» What is required:
Below are some records. Return exactly the lines from the one with "The ONLY Fly I Need" to the one with "Wall Mural - Sunset Tree", and nothing else.

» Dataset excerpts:

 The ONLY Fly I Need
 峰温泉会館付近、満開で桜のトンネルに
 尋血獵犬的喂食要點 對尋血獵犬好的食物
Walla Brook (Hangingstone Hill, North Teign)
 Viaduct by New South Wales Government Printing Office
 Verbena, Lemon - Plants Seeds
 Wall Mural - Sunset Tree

--

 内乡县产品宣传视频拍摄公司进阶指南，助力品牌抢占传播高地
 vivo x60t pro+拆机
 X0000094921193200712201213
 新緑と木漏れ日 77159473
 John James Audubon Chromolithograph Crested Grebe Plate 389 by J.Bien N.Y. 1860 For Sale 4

...

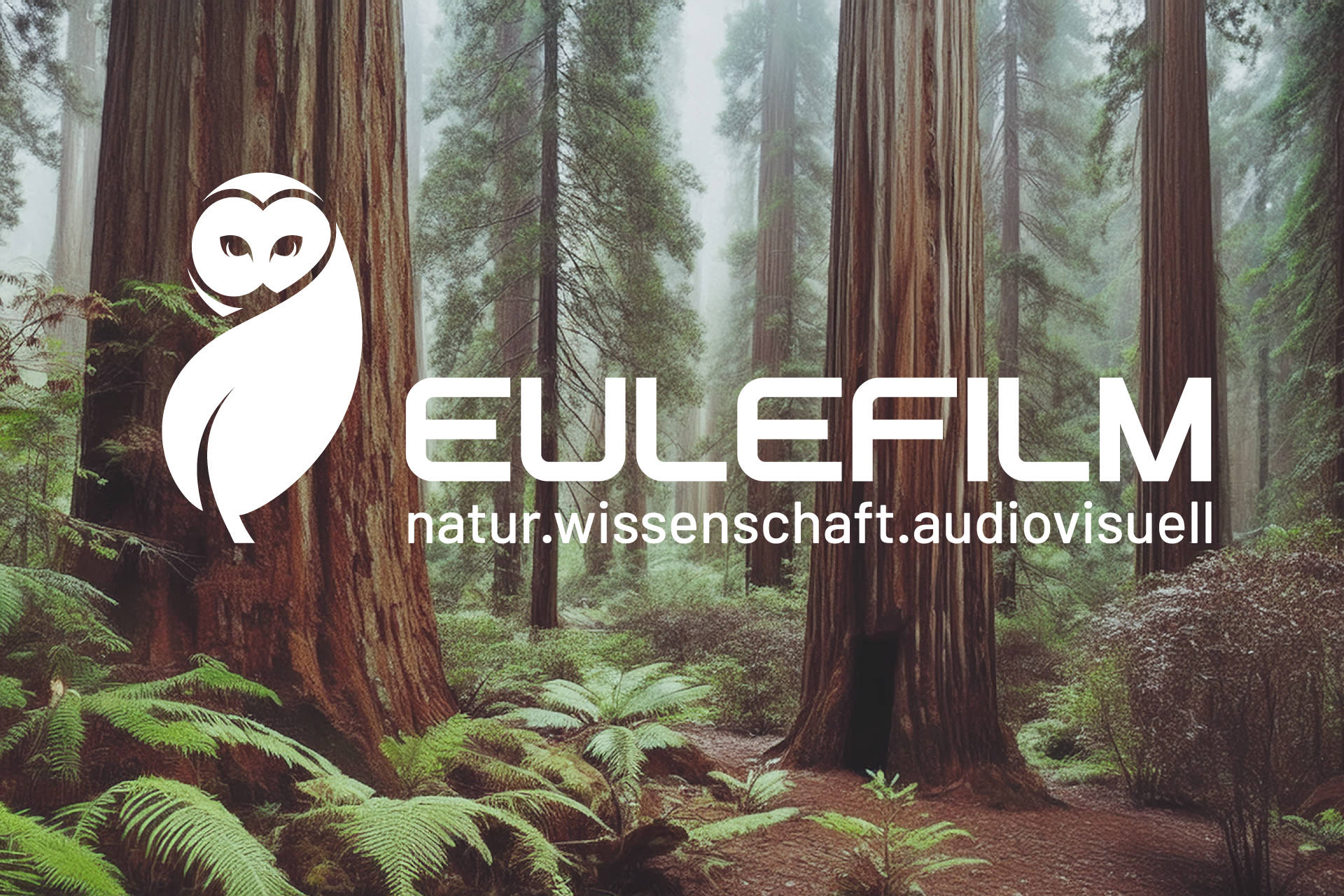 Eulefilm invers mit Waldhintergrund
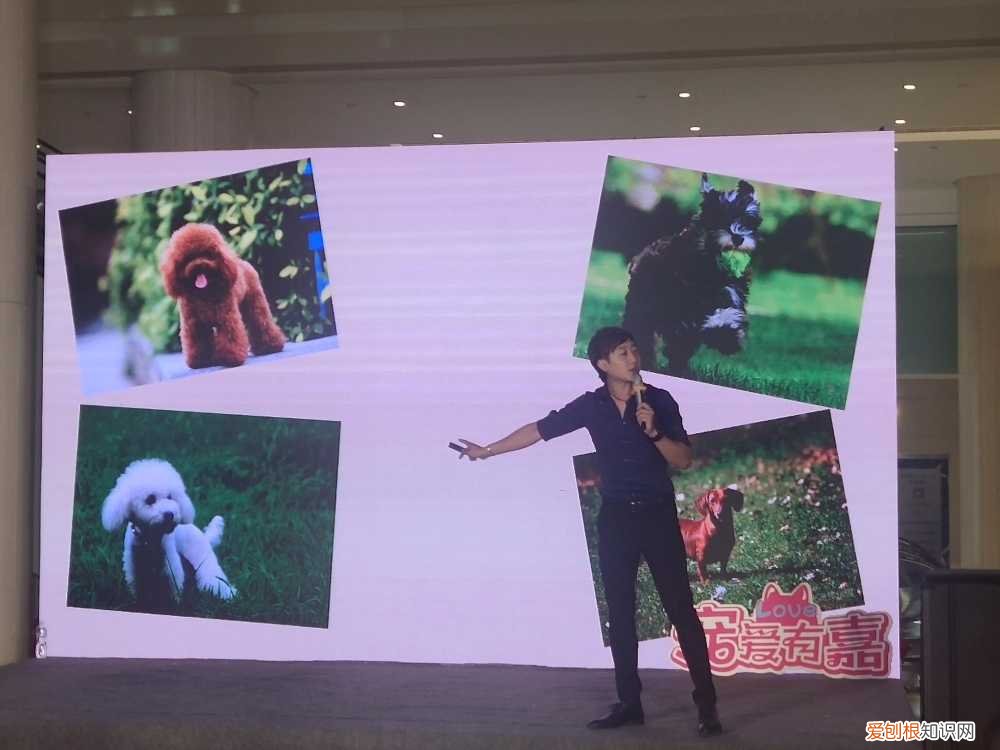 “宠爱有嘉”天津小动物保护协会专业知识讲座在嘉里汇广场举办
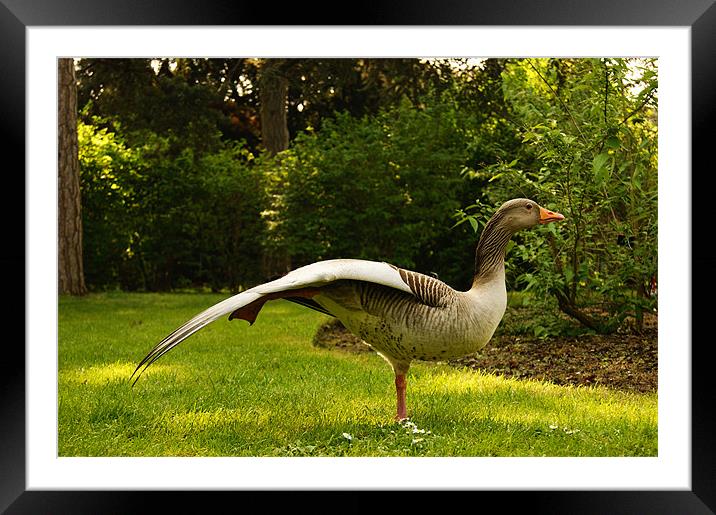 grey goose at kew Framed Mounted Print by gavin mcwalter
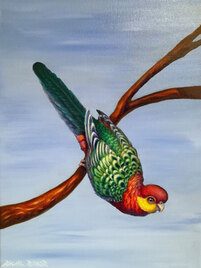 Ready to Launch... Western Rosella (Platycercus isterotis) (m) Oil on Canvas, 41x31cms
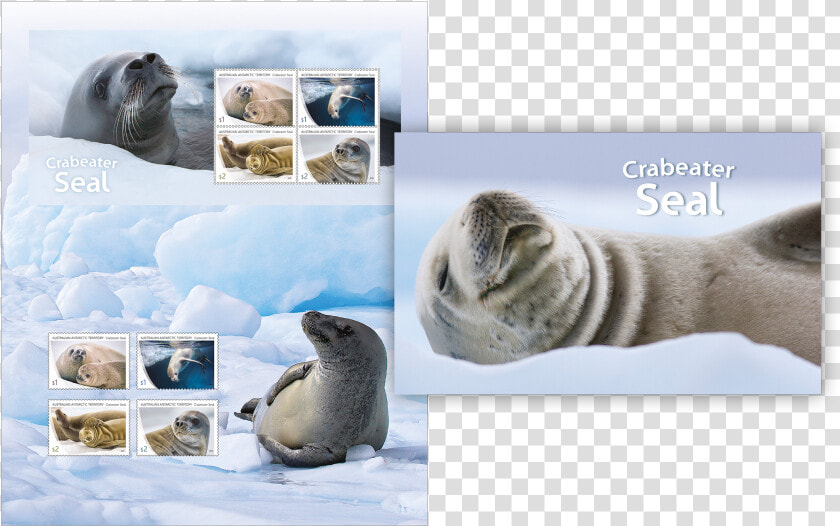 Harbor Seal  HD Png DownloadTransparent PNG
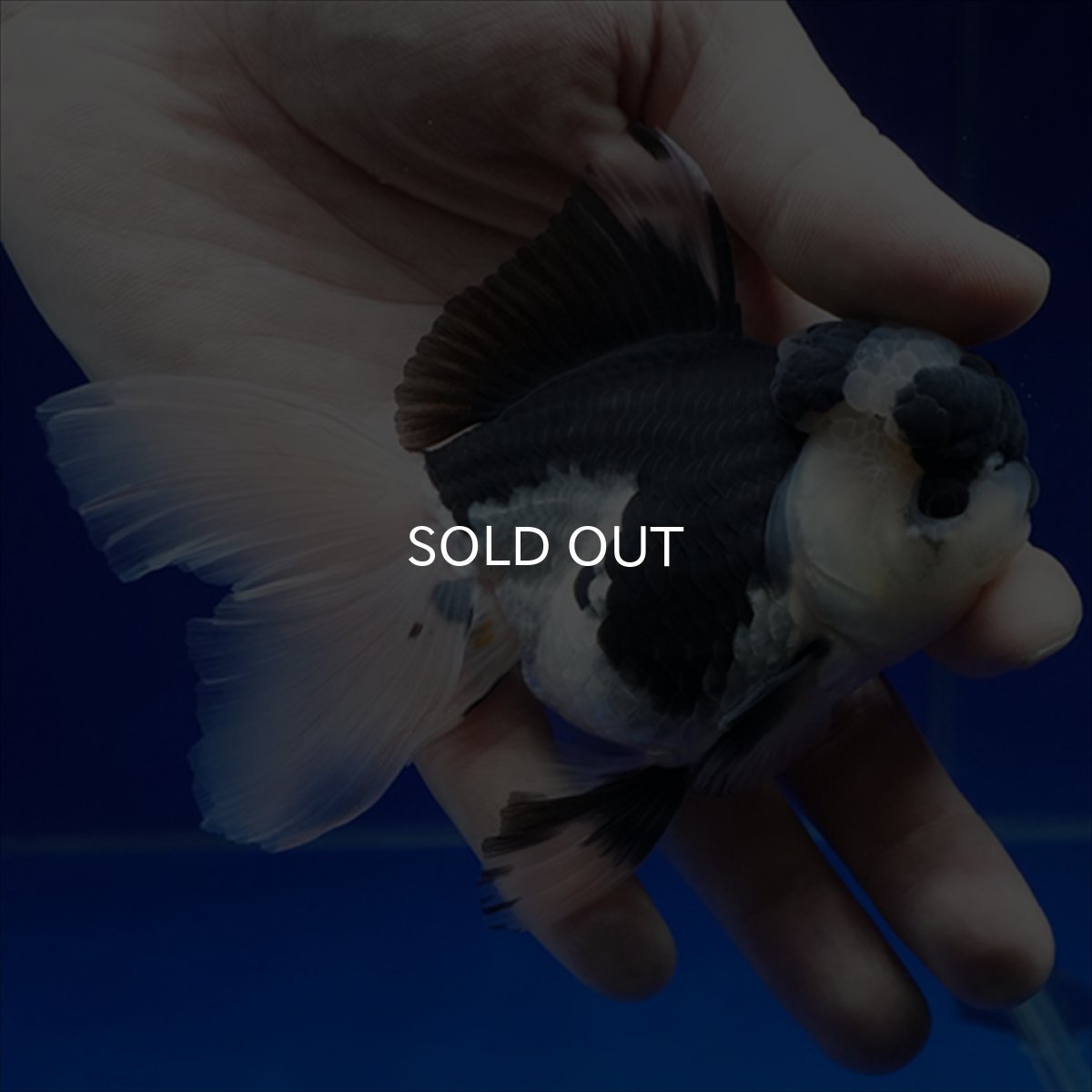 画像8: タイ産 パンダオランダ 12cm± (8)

» Output:
 The ONLY Fly I Need
 峰温泉会館付近、満開で桜のトンネルに
 尋血獵犬的喂食要點 對尋血獵犬好的食物
Walla Brook (Hangingstone Hill, North Teign)
 Viaduct by New South Wales Government Printing Office
 Verbena, Lemon - Plants Seeds
 Wall Mural - Sunset Tree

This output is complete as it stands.